At 1:00pm yesterday, we were working through our cleanups, and cranked open a console with a large list of confirmed groups to remove. With Rails this is as simple as:

Group.find(ids).each(&:destroy) 

Looks innocent enough.

What the database sees

From the database perspective all of the automated bookkeeping and business domain extraction of individual destroys creates statements, this ended up looking something like this:


DELETE post
UPDATE group SET posts_count = posts_count - 1
UPDATE group SET updated_at = now()
... x 1-5000
DELETE track_group_contribution
UPDATE group SET tracks_count = tracks_count - 1
UPDATE group SET updated_at = now()
... x 1-5000
DELETE user_group_membership
UPDATE group SET members_count = members_count - 1
UPDATE group SET updated_at = now()
... x 1-5000

So we’re seeing 2N+1 number of updates on a group where N is the sum of associated objects.

What replication sees

When using row-based replication, any change to a row gets that entire row added to the binary log. Some of these groups had over 100k worth of text columns and hundreds of associated posts. When parsing a given binlog, these group updates were taking over 90% of the replication events being sent to the slaves.

What the binlog partition sees

This is what finally brought us down. We were producing over 3GB/min of binlogs to be replicated to our slaves from these many group updates. Our binlog partition filled up from 10GB to 100GB in a matter of 30 minutes.

The MySQL docs are clear about what happens with a full data partition. When data cannot be written, MySQL just waits. The behavior around the binlog partition wasn’t as clear. That last binlog event had a partial write. When the disk filled, the binlog corrupted. When that last event in the last binlog was attempted to be sent to the slaves, it failed and the slaves stopped replicating.

 Got fatal error 1236 from master when reading data from binary log:
'log event entry exceeded max_allowed_packet; Increase max_allowed_packet on master' 

Our max_allowed_packet is big enough for any of our rows.

How we recovered

We had a master with live queries that were not coming back from a ‘killed’ state. We scaled the binlog LVM partition so that it could accommodate new writes now, but the DB was not budging. We had no idea how to get it to start writing again so we began a failover process.

All our slaves were at the same position just before the corrupted event, so we grabbed one, confirmed the tuning was good and then promoted it. We went through the many other slaves and reconfigured them and we were good, consistent to the last event. All we lost were the few processes that were waiting to write to the full partition.
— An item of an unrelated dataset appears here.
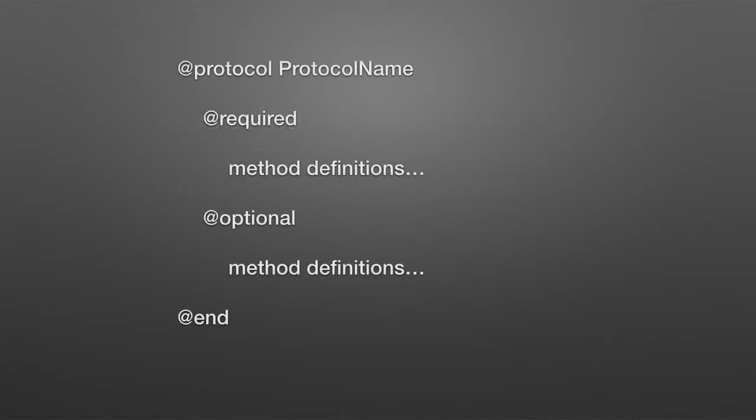They're defined in header files, and there is a protocol directive in Objective-C, and you just simply follow that with the name of the protocol. There's a required and optional directive that indicates that the methods are either required or optional, and of course, then there's the standard end. The default is required, so in this particular case, it's unnecessary to state required.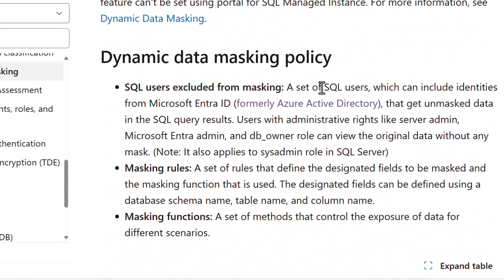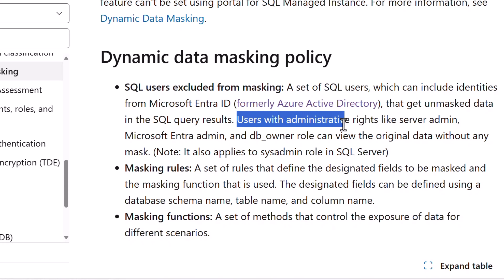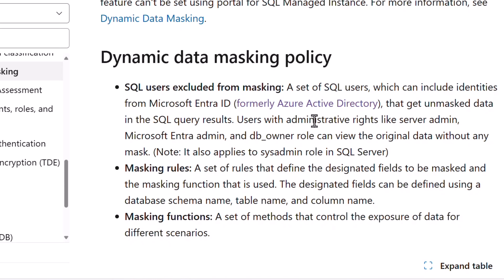A set of users are excluded from data masking, and you can list which users with which permissions will be excluded. So users with administrative rights are always excluded from data masking.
Ironically, 2 of our team members are currently in the datacenter recabling some of our racks. We also have 4 swanky new DB class machines powered on, but we were a day or two away from getting them networked and integrated. We were just short of having that excess capacity to accept the spike in load from return visitors after the tweet “We’re back!”.

Forensics

We tried to understand the cause of the sudden binlog growth so we could safely enable the site without a replay of what just had happened. We expanded out some of the logs with ‘mysqlbinlog –verbose’ to show that it was filled with group spam. To confirm that it was group activity, we compared the replication data volume per table of a well sized binlog file with an abnormally large with the following awk program:

    for log in mysql-bin.03980{5..7}; do
      mysqlbinlog $log |\
      awk '
        /Table_map/ { name = $9 }
        /BINLOG/ { bytes = 0; col = 1 }
        { if (col) bytes += length($0) }
        /\*!\*/ { if (col) sizes[name] += bytes; col = 0 }
        END { for (i in sizes) print sizes[i], i }
      ' |\
      sort -n |\
      tee /tmp/$log.sizes &
    done

This created a list of byte sizes of base64 encoded row data to table name. Groups took 820MB compared to the next largest table at 30MB.

Put this script in your toolbox, it’s also great to use for getting an idea of which tables are your hottest under normal operations.

We also used our recently finished HDFS-based log aggregation system to run map reduce jobs over our web and app logs to identify any possible abuse vectors around groups that were coming from the outside.

What we learned

When maintenance around abusive usage is also a part of your business, think about the data and impact on your running system for all maintenance work.

Cut your losses early and resist the temptation to find the “root cause” during an outage incident. Failforward. Save what you can for forensics after you’re back up.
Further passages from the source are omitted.